Description of the task → The answer should hold every line of the listing, unchanged and free of images.

Stored data →

--*--

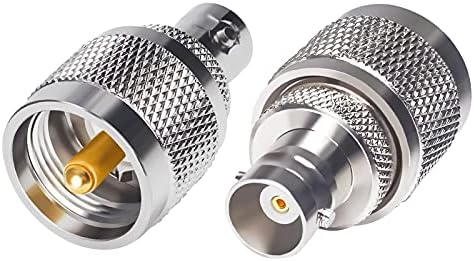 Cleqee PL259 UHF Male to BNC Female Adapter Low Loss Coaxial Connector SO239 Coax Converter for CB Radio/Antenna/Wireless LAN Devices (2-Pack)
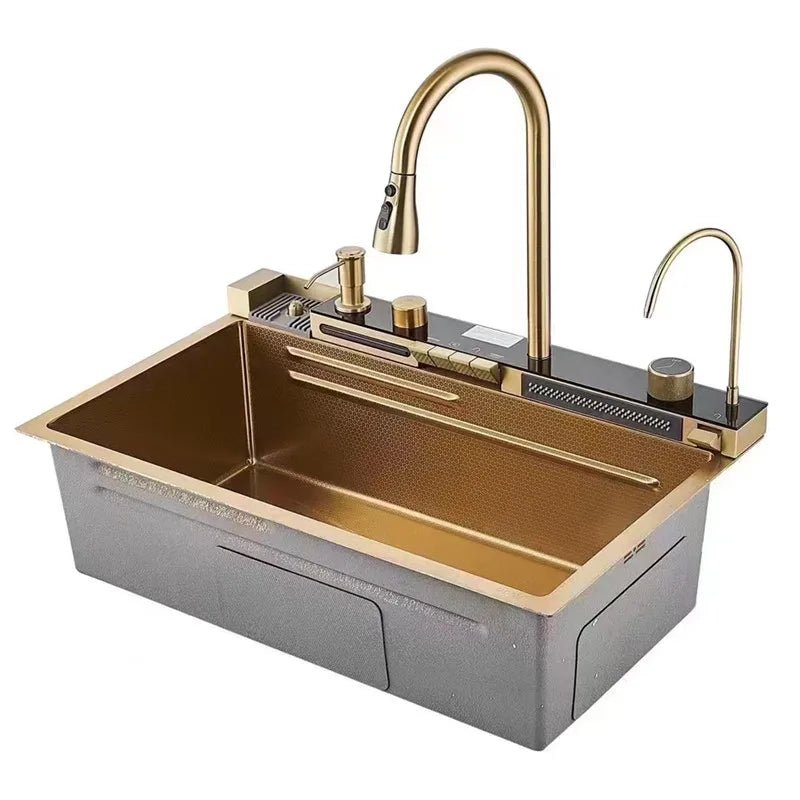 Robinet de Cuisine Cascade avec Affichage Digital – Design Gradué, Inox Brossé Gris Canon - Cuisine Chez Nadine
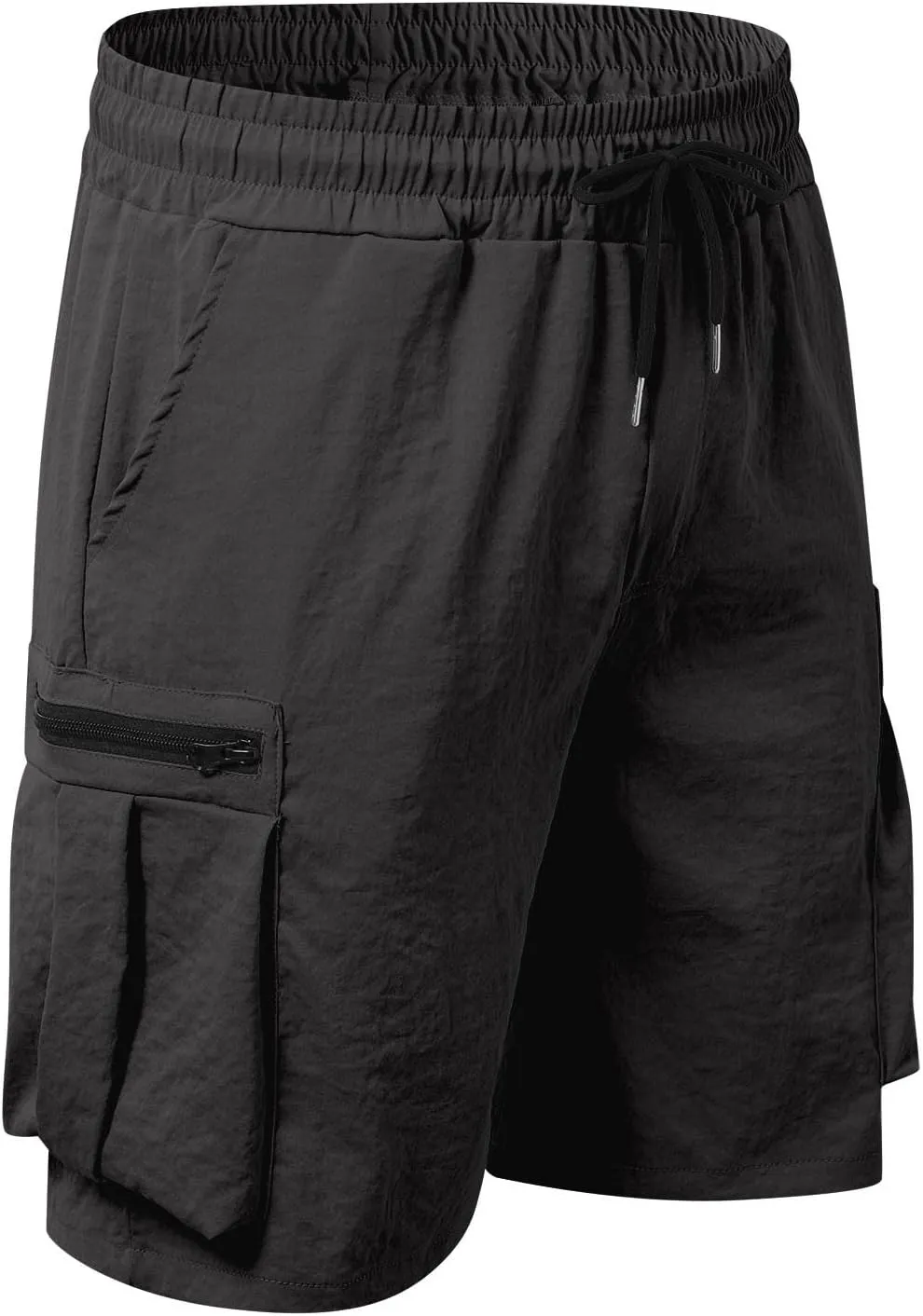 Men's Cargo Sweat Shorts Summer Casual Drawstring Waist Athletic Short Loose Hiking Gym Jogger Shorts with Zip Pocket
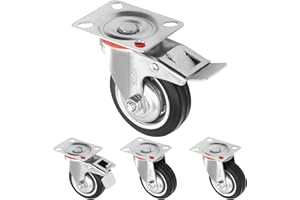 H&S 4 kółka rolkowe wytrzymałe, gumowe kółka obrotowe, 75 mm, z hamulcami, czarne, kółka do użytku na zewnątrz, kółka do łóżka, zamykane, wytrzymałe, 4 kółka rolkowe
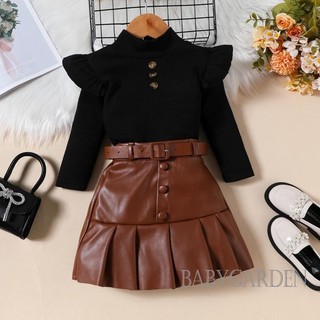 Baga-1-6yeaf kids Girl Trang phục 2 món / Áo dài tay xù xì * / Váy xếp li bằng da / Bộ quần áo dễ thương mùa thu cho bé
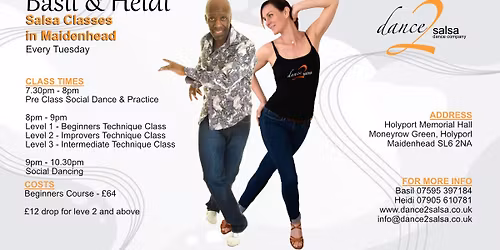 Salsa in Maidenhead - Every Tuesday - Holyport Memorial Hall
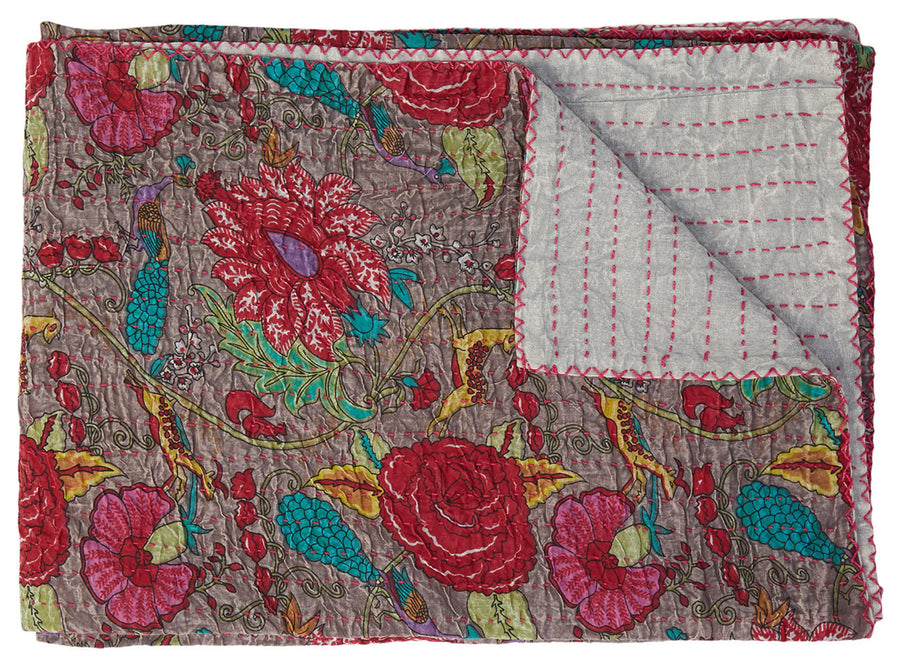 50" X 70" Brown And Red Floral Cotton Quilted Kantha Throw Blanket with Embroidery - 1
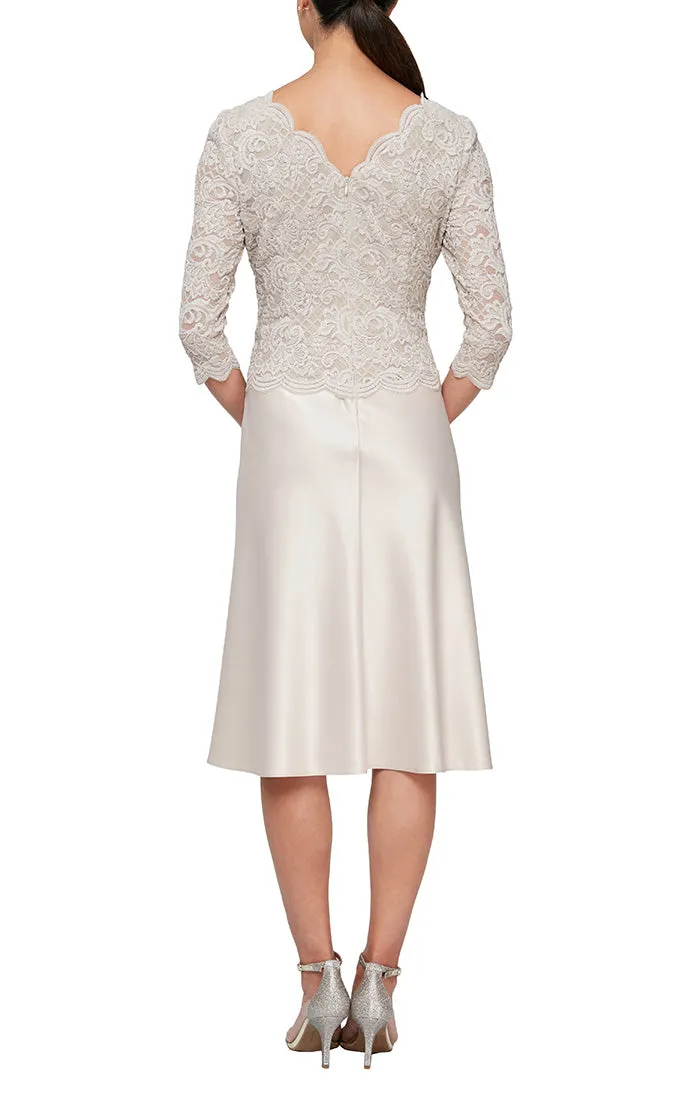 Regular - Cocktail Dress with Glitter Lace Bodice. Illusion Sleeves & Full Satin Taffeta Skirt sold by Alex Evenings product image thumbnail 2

--*--

Task result →
 Cleqee PL259 UHF Male to BNC Female Adapter Low Loss Coaxial Connector SO239 Coax Converter for CB Radio/Antenna/Wireless LAN Devices (2-Pack)
 Robinet de Cuisine Cascade avec Affichage Digital – Design Gradué, Inox Brossé Gris Canon - Cuisine Chez Nadine
 Men's Cargo Sweat Shorts Summer Casual Drawstring Waist Athletic Short Loose Hiking Gym Jogger Shorts with Zip Pocket
 H&S 4 kółka rolkowe wytrzymałe, gumowe kółka obrotowe, 75 mm, z hamulcami, czarne, kółka do użytku na zewnątrz, kółka do łóżka, zamykane, wytrzymałe, 4 kółka rolkowe
 Baga-1-6yeaf kids Girl Trang phục 2 món / Áo dài tay xù xì * / Váy xếp li bằng da / Bộ quần áo dễ thương mùa thu cho bé
 Salsa in Maidenhead - Every Tuesday - Holyport Memorial Hall
 50" X 70" Brown And Red Floral Cotton Quilted Kantha Throw Blanket with Embroidery - 1
 Regular - Cocktail Dress with Glitter Lace Bodice. Illusion Sleeves & Full Satin Taffeta Skirt sold by Alex Evenings product image thumbnail 2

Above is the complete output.